Sara Cruz, que no disco faz a voz da Ana em dois temas, é uma jovem cantora açoriana, que em 2019 recebeu o prémio Novos Talentos NiT. Rogério conheceu-a por acaso. “Em Março de 2019 fui passar uma semana de férias a Ponta Delgada, porque a minha avó materna era de lá e eu ainda não tinha conseguido conhecer aquela ilha.” Na RDP Açores, onde foi para uma entrevista, tiveram de lhe emprestar uma guitarra. Era de Sara, que estava a estagiar lá, nesse momento. Antes da entrevista, puseram-lhe uma gravação dela e Rogério ouviu-a com atenção. “Fiquei absolutamente rendido à voz dela”, recorda. De tal modo que comunicou logo com José Fialho, a dizer que tinha encontrado a voz feminina para o disco.

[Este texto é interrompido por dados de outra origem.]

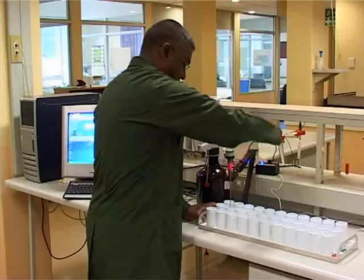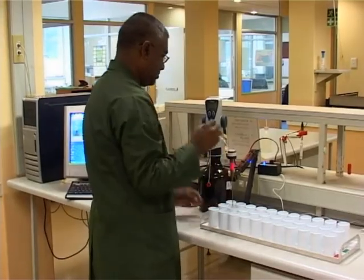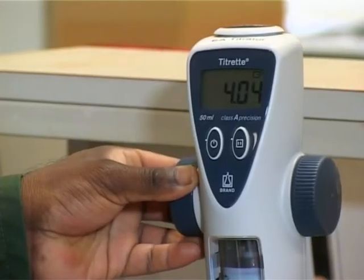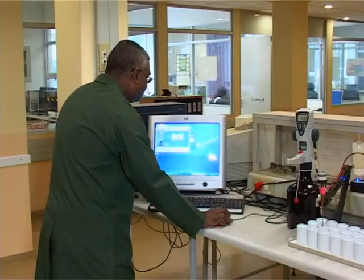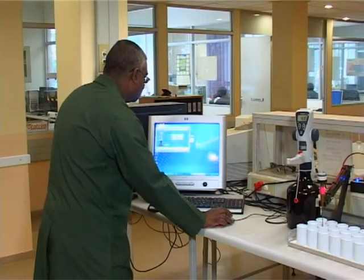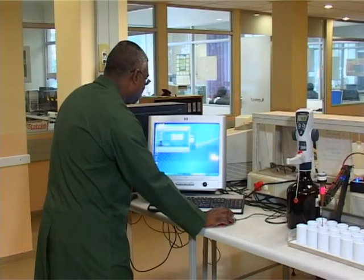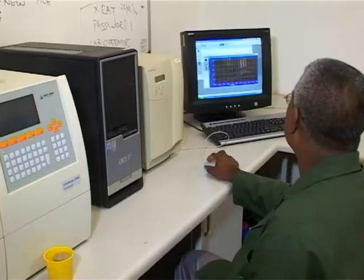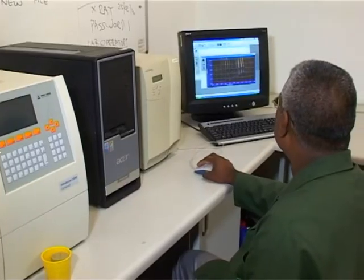As part of the changes to the laboratory, we've introduced new methods which improve the accuracy and speed up the analysis. Wherever possible, we use computers to automate the process. This improves the sample flow through the laboratory and reduces errors.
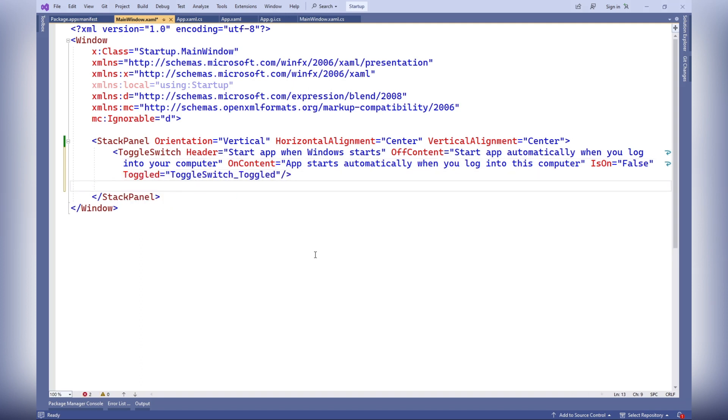Off content: the text displayed next to the switch when it's off. In this case, it notifies the user that the application will not be automatically launched when logging into the system.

Desertificação do interior
O Coreto foi antecipado em dois singles com videoclipes, ambos com realização de Daniel Mota: o primeiro, Abaladiça, foi um dos 20 vencedores (num total de mais de 400 temas a concurso) da iniciativa Inéditos da Vodafone e o vídeo foi gravado no coreto de Palmela; e o segundo, Quando nós formos velhinhos, conta com a participação dos actores Eunice Muñoz e Ruy de Carvalho e foi gravado no Teatro da Trindade, em Lisboa, onde o disco será apresentado ao vivo, em data a confirmar (esteve marcada, até agora, para 26 de Março).
A narrativa do disco, que é uma história contada em doze canções, reflecte uma realidade bem portuguesa, como diz José Fialho Gouveia: “Há um detalhe que talvez seja o lado mais político, no sentido amplo, deste trabalho, que a questão das desigualdades entre as grandes cidades e o interior do país e a desertificação desse interior, que acaba por ser uma peça-chave para o desenlace da história. E é a desertificação do interior que acaba por afastá-los.”

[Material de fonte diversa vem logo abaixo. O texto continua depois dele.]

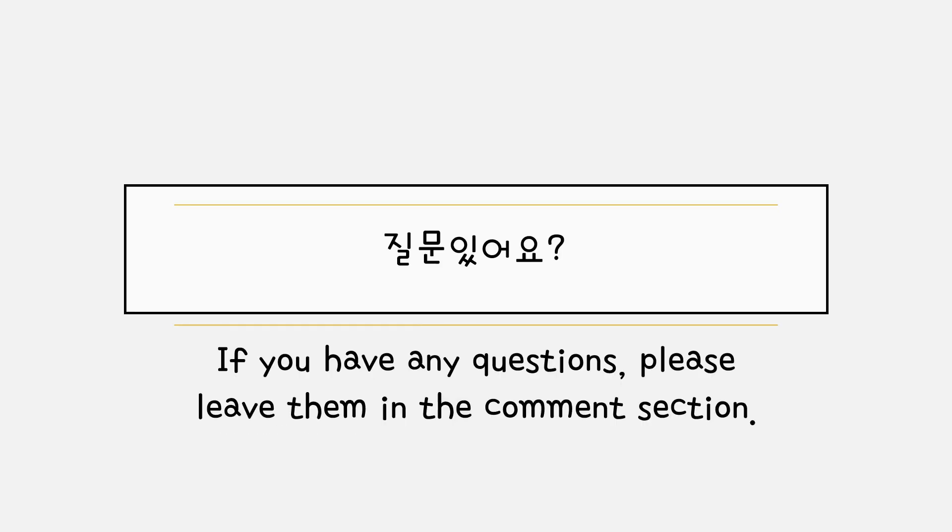Okay, that's it for today. 질문 있어요? If you have any questions, please leave them in the comment section. 감사합니다.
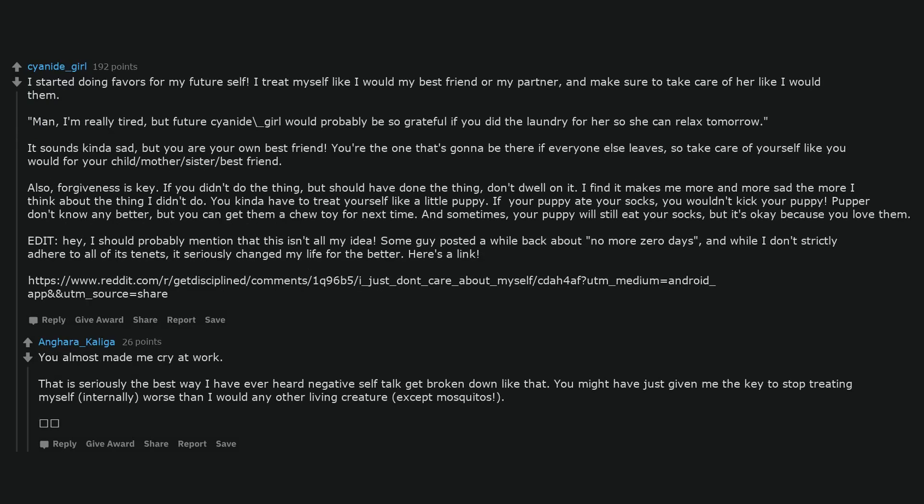You almost made me cry at work. That is seriously the best way I have ever heard negative self-talk get broken down like that. You might have just given me the key to stop treating myself internally worse than I would any other living creature, except mosquitoes.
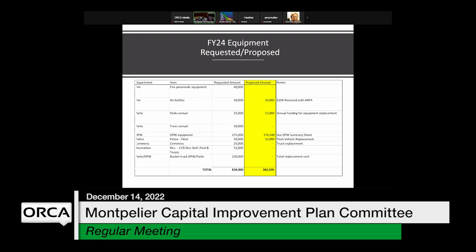Further down the list there are some investments in recreation — pool repaving and resurfacing, and the tennis courts — but those are not included in this version. Also not included is potentially putting disc golf up at the Country Club Road site, which would be a nice amenity. A bucket truck for parks and public works is another need that will come up in future years — something we've had in the past that we no longer have access to because it's no longer able to be repaired. Public works has a couple of trucks and a wing truck noted as part of the $276,500 for FY24.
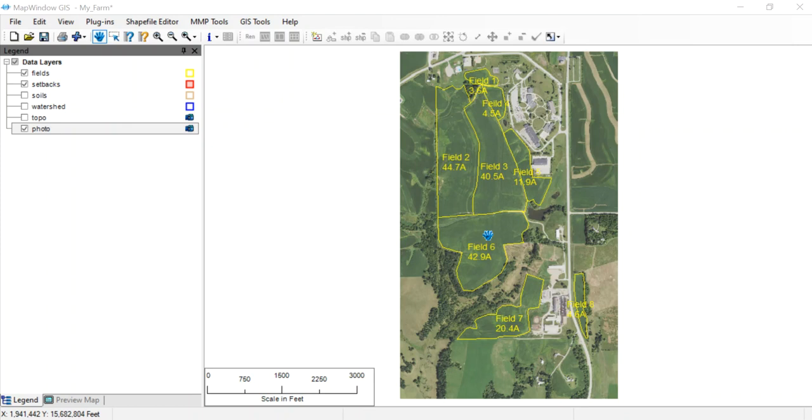This is another movie in the series using MapWindow GIS. In this particular movie, we're going to show how to draw in waterways and distance to waterways, and even how you could add other conservation practices that may exist on the farm. Here's the farm again as we look at it.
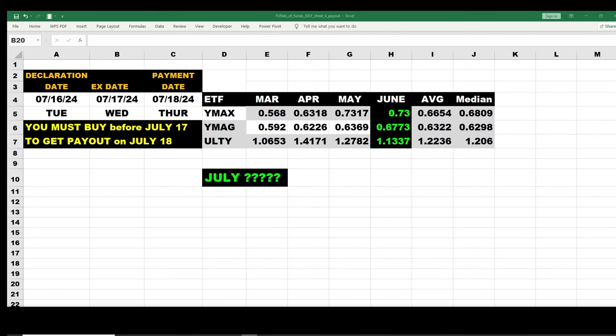Alright, happy weekend folks, Bruce with Targeted Wealth Creation back at you. This is the final YLTY, YMAG, YMAX estimate with just a little bit of tweaking. The tweaks, in case somebody new tunes into this, I know you guys that have been watching want a final number, you can fast forward. But for people who want to know how it happens, this is good for everybody.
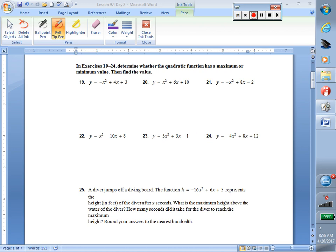Please open to page 295 in your student journals. In the second part of section 9.4, we're going to continue completing the square, but now we want to complete the square not to solve the equation using square roots, but to give us vertex form, which will help us find our maximum or minimum values.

Rogério: “Na cidade há de tudo, empregos, casas, mas há tudo em excesso e a um ritmo louco, alucinante, as casas estão a um preço muito complicado, as pessoas não têm tempo para viver, passam demasiado tempo no trânsito, no barulho, sem tempo para contemplar a vida. E do lado de quem está no interior é precisamente o contrário: há tempo, há espaço, há qualidade de vida, mas não há hospital, já não há posto de correios, não há vida a mexer.”
Voltar à aldeia dos pais
Quanto ao disco, Rogério diz que as reacções têm sido de reconhecimento: “Agrada-me muito as pessoas dizerem: ‘Isto faz-me lembrar a aldeia dos meus pais, eu consegui transportar-me para ali, para reviver a minha infância’. Porque esta coisa de voltar à aldeia dos pais há milhões de pessoas que se identificam com isso, já que foram viver para longe do sítio onde nasceram. E nós tentámos ao máximo construir um contexto de aldeia com o qual as pessoas se identificassem, com a romaria, a tasca, até com as personagens. Tentámos ao máximo que a história fosse credível e que as pessoas vissem aqui o retrato de um país assimétrico, com 70 por cento das pessoas enfiadas nas grandes cidades enquanto todo o resto do país está a morrer ao abandono. O discurso político aborda sempre isto em todas as eleições, mas os anos passam e nada se resolve. Quanto mais tempo passar, mais difícil é fazer com que as pessoas possam voltar ao interior e aos seus sítios.”
José Fialho acrescenta: “E não é preciso ir ao Portugal profundo. Eu estou na zona oeste e na altura do Natal foi uma odisseia para conseguir comprar envelopes de correio verde, porque já tinham fechado dois postos de correios, vai toda a gente ao mesmo posto e estive uma hora na fila, à chuva, para comprar envelopes. Isto no litoral, com o mar ali ao pé.”